Although the presence or absence of gross negligence turns on each particular set of circumstances and therefore is “generally a question for the jury,” the trial court may decide the question as a matter of law “where the minds of reasonable persons cannot differ.” Rivard, 124 Vt. at 35, 196 A.2d at 500. Several courts in other jurisdictions have granted summary judgment to rescuers on the ground that, as a matter of law, the plaintiffs had failed to show that the rescuers were grossly negligent in providing assistance, as required by the jurisdictions’ Good Samaritan statutes. See, e.g., Ambrose v. New Orleans Police Dep’t Ambulance Serv., 639 So. 2d 216, 223 (La. 1994) (delay by emergency medical technicians in taking victim to hospital did not evidence gross negligence; therefore, jury verdict must be overturned); Tatum v.
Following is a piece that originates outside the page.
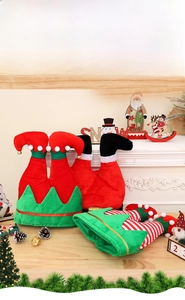 Detailed view of plush Christmas elf leg hats with bells and festive decorations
Gigliotti, 565 A.2d 354, 358 (Md. Ct. Spec. App. 1989) (acts of paramedics may have amounted to negligence, but not gross negligence; directed verdict affirmed); Mallory v. City of Detroit, 449 N.W.2d 115, 118 (Mich. Ct. App. 1989) (summary judgment affirmed for same reasons); Higgins n Detroit Osteopathic Hosp. Corp., 398 N.W.2d 520, 524 (Mich. Ct. App. 1986) (at most, plaintiff’s evidence showed that defendant doctor was guilty of ordinary negligence in misreading plaintiff’s x-rays and treating her according to misread x-rays; trial court did not err in granting defendant’s motion for directed verdict on basis of Good Samaritan statute); McCain v. Batson, 760 P.2d 725, 732 (Mont. 1988) (affirming summary judgment ruling on ground that plaintiff failed to show gross negligence on part of good Samaritan doctor); Wicker v. City of Ord, 447 N.W2d 628, 634-35 (Neb. 1989) (ambulance attendants may have been negligent in failing to follow protocol for terminating cardiopulmonary resuscitation, but no reasonable person could have concluded that their actions were grossly negligent; trial court properly granted summary judgment to defendants); Rodriguez v. New York City Health & Hosps. Corp., 505 N.Y.S.2d 345, 347 (Sup. Ct. *4821986) (summary judgment granted because of plaintiff’s failure to demonstrate, or even allege, gross negligence on part of physician who arranged for neighbor to take her to hospital); Youngblood v. Schireman, 765 P.2d 1312, 1320 (Wash. Ct. App. 1988) (delay by parents of assailant in getting victim to emergency room was not gross negligence that could give rise to liability under Good Samaritan statute).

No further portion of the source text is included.